Privatization: The GOP/neocon argument for privatizing much of the military effort was the superiority of private enterprise in accomplishing routine tasks. Take KBR for instance. They were able to repair military vehicles in Iraq for only $4.6 million, using a crack team of 144 mechanics who worked, on average, 43 minutes a month.
Enough Said: “The world is choking on government debt.” And yet the only way out, they say, is more debt, more debt. Plus, of course, rolling over all the outstanding stuff. Do you remember how we got here?
Good To The Last Drop: Insurance lawyers have decided that the Congress intended for them to keep on refusing coverage to children with pre-existing illnesses for the next four years. Nor do they have to cover anyone who might actually place a claim until then either, but if they do they can charge more. They intend to keep squeezing their clients as long as they can, for as much as they can.
Growth For Goldman's Sake: Experts say that growth is important for creating wealth. Maybe so, but it does nothing for the distribution pattern. For more than 25 years, the gap between the richest and the poorest has been increasing. There is absolutely no correlation between an equitable society and GDP growth.
Ah, Springtime: The Commerce Department reports that in 2009 personal income fell in 42 states. But things are getting better, every day... So we're told.
Appearances: It is generally far cheaper to provide the homeless with permanent housing than to offer only short-term shelter and stop-gap services. In DC a month on a cot costs the government about $3,000. In Houston it is $968 – far more than an efficiency apartment goes for. But imagine the noise the Tea Partiers would make if we provided actual housing to the homeless...
Porn O'Graph: It's the oil, stupid.
4 comments:
re: the 'vibrant' Mr. Kunstler
He often makes 'spot on' observations but has a near perfect record as a false prophet with his predictions. Thankfully.
The dems pretend to be looking out for the people's concerns while crafting legislation that hides their sell out to the interests that the rethugs are overt in supporting. Twain was right that congress is the criminal class of america.
TT
Agnostic here, read H.L.Mencken, Treatise On The Gods.
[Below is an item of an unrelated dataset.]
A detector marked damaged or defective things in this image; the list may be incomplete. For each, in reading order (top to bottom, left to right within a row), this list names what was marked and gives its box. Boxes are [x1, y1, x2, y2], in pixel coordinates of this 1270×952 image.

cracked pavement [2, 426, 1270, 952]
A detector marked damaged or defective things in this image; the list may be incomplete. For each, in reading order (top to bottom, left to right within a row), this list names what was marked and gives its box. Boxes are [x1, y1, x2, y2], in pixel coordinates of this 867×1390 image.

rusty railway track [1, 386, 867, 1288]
But was it not the Pope, the only significant public and religious figure who came out strongly against body scanners and other "terror" depredations?:
''The primary asset to be safeguarded and treasured is the person, in his or her integrity''. Guaranteed not to gain favor in Langley.
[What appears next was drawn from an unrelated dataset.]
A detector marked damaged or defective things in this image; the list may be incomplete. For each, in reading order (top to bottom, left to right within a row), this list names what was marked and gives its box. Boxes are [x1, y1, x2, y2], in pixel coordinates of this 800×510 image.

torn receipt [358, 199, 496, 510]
So, the double-thinker and skeptic in me asks: why attack the Pope now?
Sounds like a Spitzer job to me. Easily explaining why indeed, no major religious leader has come out against any of the depredations of the Regime. "Hey, Reverend, let's just have a look at yer little wifie here...."
To confirm above, contact US Department of Skeletons-In-Closet, a division of the US Department of Injustice.
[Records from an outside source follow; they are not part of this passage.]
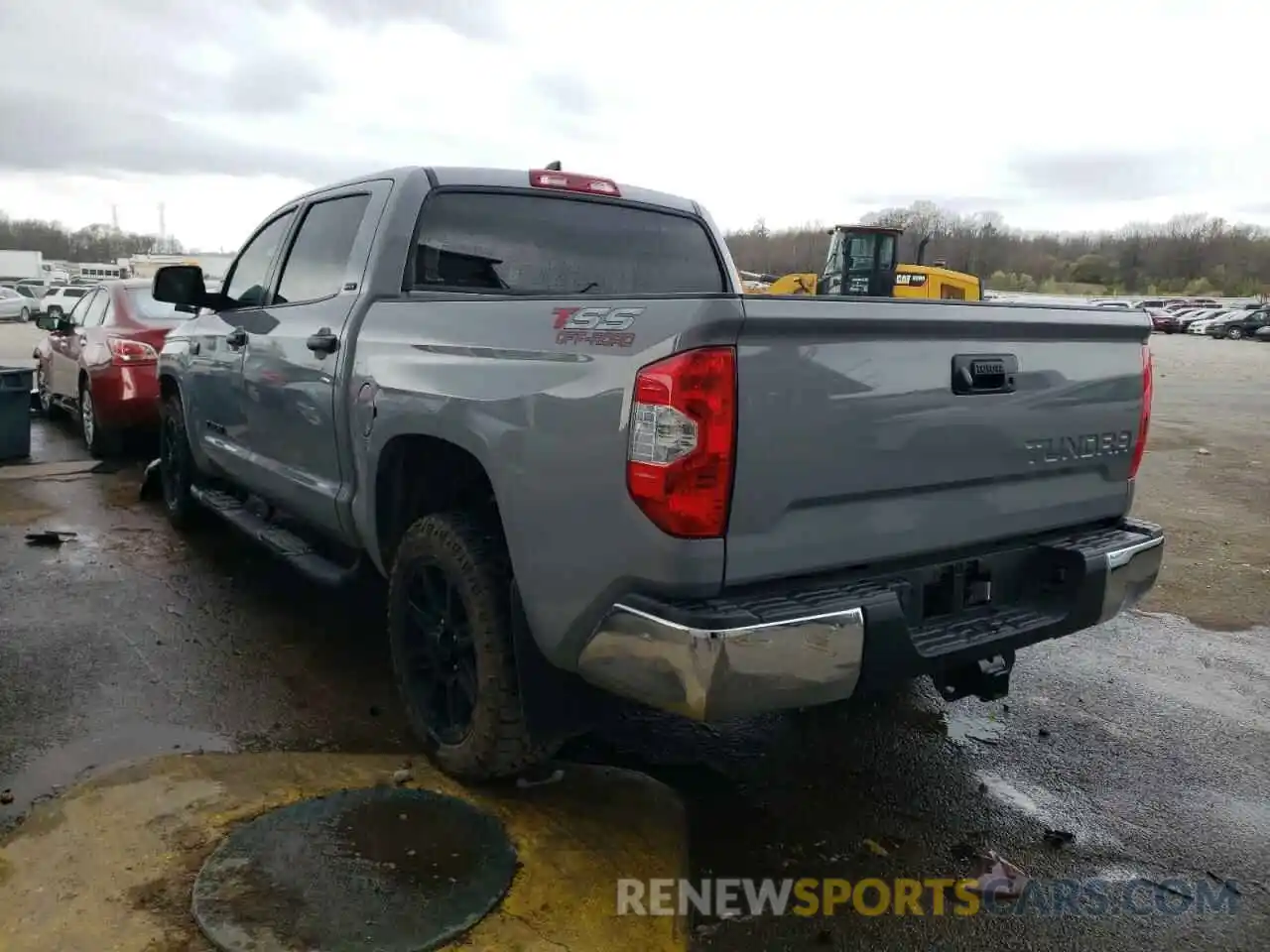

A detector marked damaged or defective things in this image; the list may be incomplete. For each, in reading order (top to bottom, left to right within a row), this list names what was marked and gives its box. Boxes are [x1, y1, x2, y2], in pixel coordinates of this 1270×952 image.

damaged rear bumper [575, 516, 1159, 718] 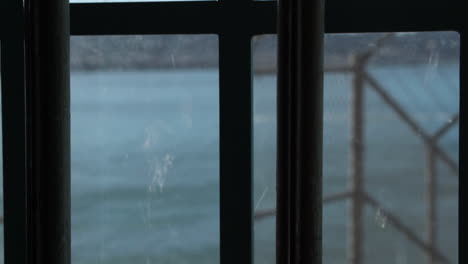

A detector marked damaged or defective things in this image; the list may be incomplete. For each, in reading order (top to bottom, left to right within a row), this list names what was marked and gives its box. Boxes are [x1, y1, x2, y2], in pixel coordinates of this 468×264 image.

rusted metal post [348, 56, 366, 264] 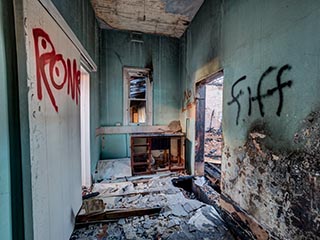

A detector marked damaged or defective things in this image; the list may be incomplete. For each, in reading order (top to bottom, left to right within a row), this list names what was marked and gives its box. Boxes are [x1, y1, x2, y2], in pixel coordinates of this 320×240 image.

burnt ceiling [90, 0, 205, 38]
broken window frame [122, 66, 152, 125] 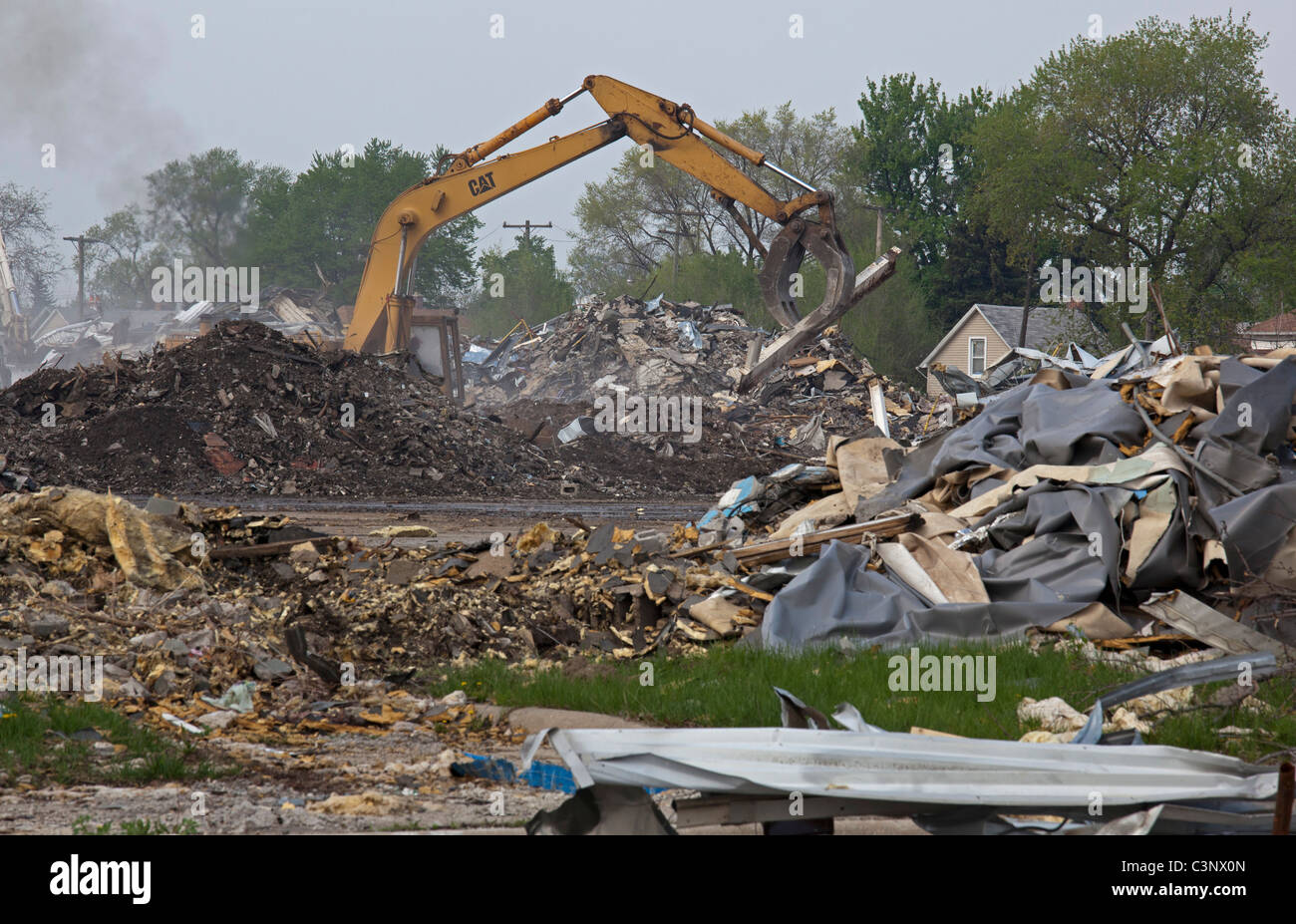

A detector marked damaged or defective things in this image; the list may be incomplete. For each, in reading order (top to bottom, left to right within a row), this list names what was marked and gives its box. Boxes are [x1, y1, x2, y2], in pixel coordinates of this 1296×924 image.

crumpled metal sheet [522, 722, 1268, 809]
You claim to be no less biased than Rush Limbaugh. Maybe you should change that to 'as biased most days and ridiculously more biased the rest of the time."
Selecting Huff-Po bloggers (who almost never make an honest case on a subject) to prove your argument works only with the kool-aid drinkers (Yes, I know, that is your audience).
Nobody smarter than an average 3rd grader would believe the CBO numbers on this, because even a 3rd grader would understand that the Medicare Doctor Fix bill was left out, and the CBO doesn't score what's left out. And there was more, but you know that.
Also, all of the magical stuff like pre-existing condition coverage and helping the poor get insured could have been done without 2200 pages of crap and regulations.
At least Limbaugh makes his cases mainly from mainstream news stories, which are listed and linked to at the bottom of each page on his site. (He can use liberal newspapers like NYT and Wash Post to make his point because they make inane arguments.)
But, Huffington Post....what a joke.